So please join me in welcoming Daniel, to our podcast.
Caitlin: Daniel, we are so excited to have you on the show today.
Daniel: Thank you so much for having me, it’s a true pleasure.
C: First to kick things off, tell us a little bit about your background in digital marketing for orthopedic centers.
D: I’ve run a gold medical marketing for about eight or nine years. My background in digital marketing started when I was working within a private spine practice, it was about 10 years ago. I was really at the pivotal point where Google Adwords and even social media started to become patient acquisition tools and there was a shift from traditional marketing. I learned, I guess, on the fly about SEM and about social media marketing and the power of those tools for patient acquisition. So shortly after I worked in that practice, I started this firm. We’ve grown ever since, and it’s been a fun journey.
C: Awesome, awesome. Isn’t that interesting how most people who run agencies got their start in digital marketing and social media just on the fly, you had to learn it while you were in it.
D: It’s funny to talk to some of our employees or some of the people who either majored in in college or are new to it, and they’ve done things like Google tutorials and stuff to learn it and they have a good grasp on, but they don’t.

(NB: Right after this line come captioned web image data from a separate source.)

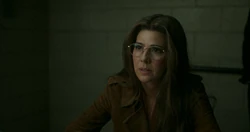 May is interrogated by  Agent 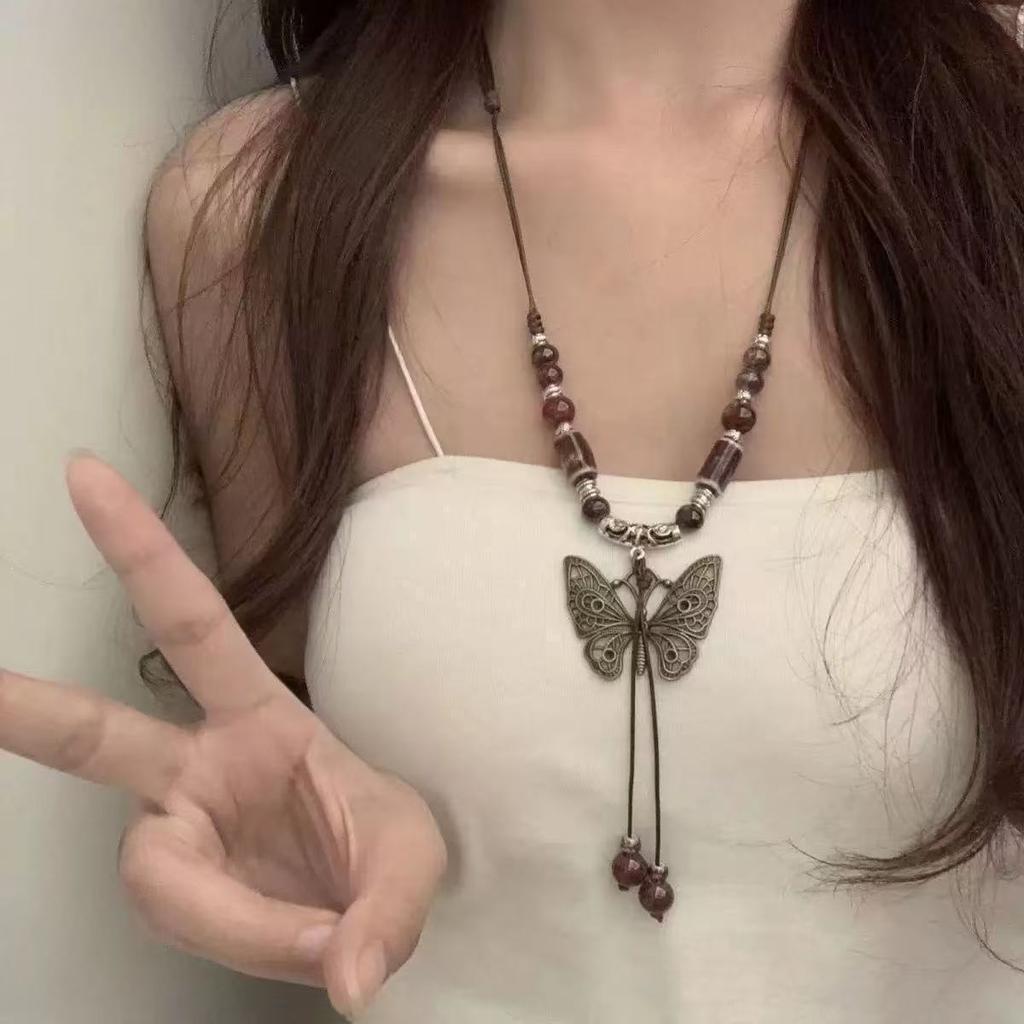 Retro pendant, ethnic style ceramic butterfly bell necklace, women's new trendy long sweater chain with accessories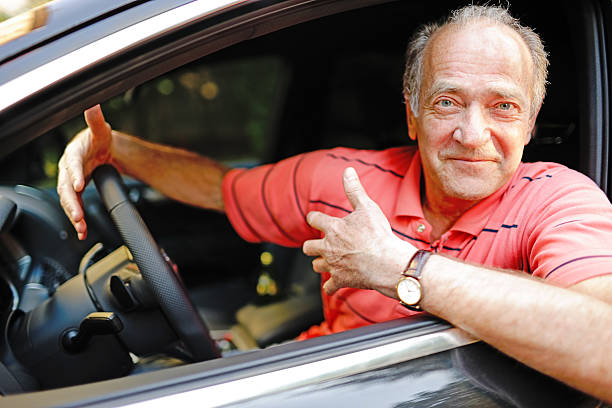 istock Happy Senior Man Driving his car 157480836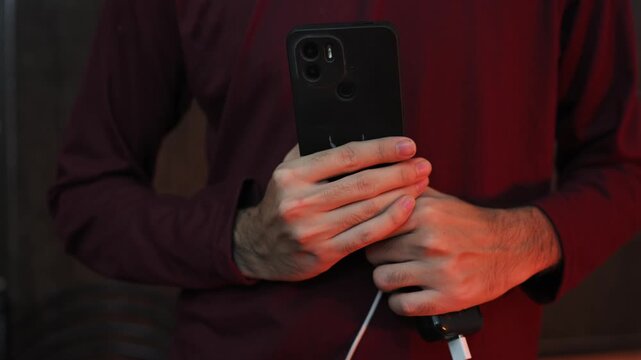 Close Up of Hand Holding Smartphone While Charging with USB Cable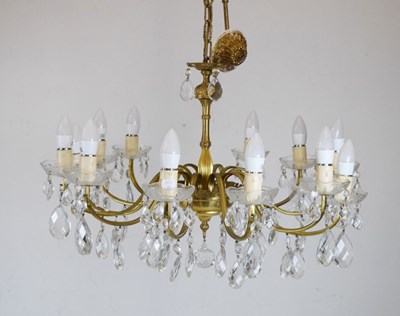 Lot 749 - Twelve branch lustre electric brass chandelier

It’s interesting to discuss with them some of the changes that have happened over the past five or ten years where what they’re looking at it historically how it worked, and it was a lot more difficult to track things like successes in patient acquisition. Now the data and the data tools are so much more advanced than they were even five or eight years ago.
C: I mean, even three years ago.
D: Yeah, absolutely, the more data that those tools include, the easier it is to work with clients and report meaningful data.
C: Great, well let’s talk a little bit about your practice and your view of digital marketing. So your business, Gold Medical Marketing really takes a holistic approach to marketing. You not only help manage social media or advertising campaigns, but you also encourage a review of website design for healthcare, and analysis of what happens off-line, which a lot of agencies don’t really pay attention to.
Can you describe how your process to digital marketing for healthcare centers differs from traditional digital marketing?
D: As you know, the patient experience, or the patient journey, is different. You have to understand this when you build your website to creating digital marketing campaigns. You have to understand how the patient thinks, how the decision-making process works, and then how to cater to that patient story.
How does your Orthopaedic Website Increase your bottom line?
Something with web design, a lot of times practices will have a website that they like or that they think is the best for them, but whether is it the mobile experience, or the content doesn’t suit the patient, is not what the patient’s looking for, aesthetically and outwardly for you as a practitioner.
Your site can look nice, it could be what you wanted, but the navigation is difficult to understand, the calls to action aren’t there, and those are the things that increase conversion.
So we have to look at things from a branding perspective of the practice, but also integrate the best practices for patient traffic and everything for us starts usually with the website. Whether it’s social media traffic, Google traffic, or even offline things like print and magazine ads, those calls to action on the ads are always going direct back to the website.
The front door of your practice is now your website.
We want to make sure that if we’re spending money, either in traditional marketing, or digital marketing, that we are bringing the potential patients to a place that has a high likelihood of actually acquiring that patient. That’s why we always look at the website first and say, “Okay from mobile perspective, is your website mobile responsive?”
Google started penalizing sites that were not mobile responsive, about five years ago, and still to this day, I’m shocked at the amount of practice sites that we look at that aren’t mobile responsive.
That has a huge influence on your organic SEO or cost per click for Google ads, just the overall patient experience. We need to look at those things plus the content and calls to action, first before we start any sort of marketing program.
Marketing with a Patient Journey in Mind is More than Content Marketing Online
C: And then can you talk about how the patient journey transcends offline again, back to when the person at the front desk is answering that call and scheduling that initial appointment?
D: So, we can you talk about how you bring language kind of all through that process. We’ve worked a lot with orthopedic centers to neurosurgeon practices. In those instances, patients have an inherent fear of seeing the surgeon because they’re going be told, they think they’re going to be told they need head surgery, so a lot of them try to delay seeing a surgeon as long as possible. They try other means, and finally get to a point where they know that they need to see a specialist.
When they’re calling and they’re doing the research, whether they’re getting a recommendation from a friend or family member, they’re recalling an ad, whether is a print or online, they’re going to do their research. They’re going to look at the physician and practice themselves, they are going to view the website.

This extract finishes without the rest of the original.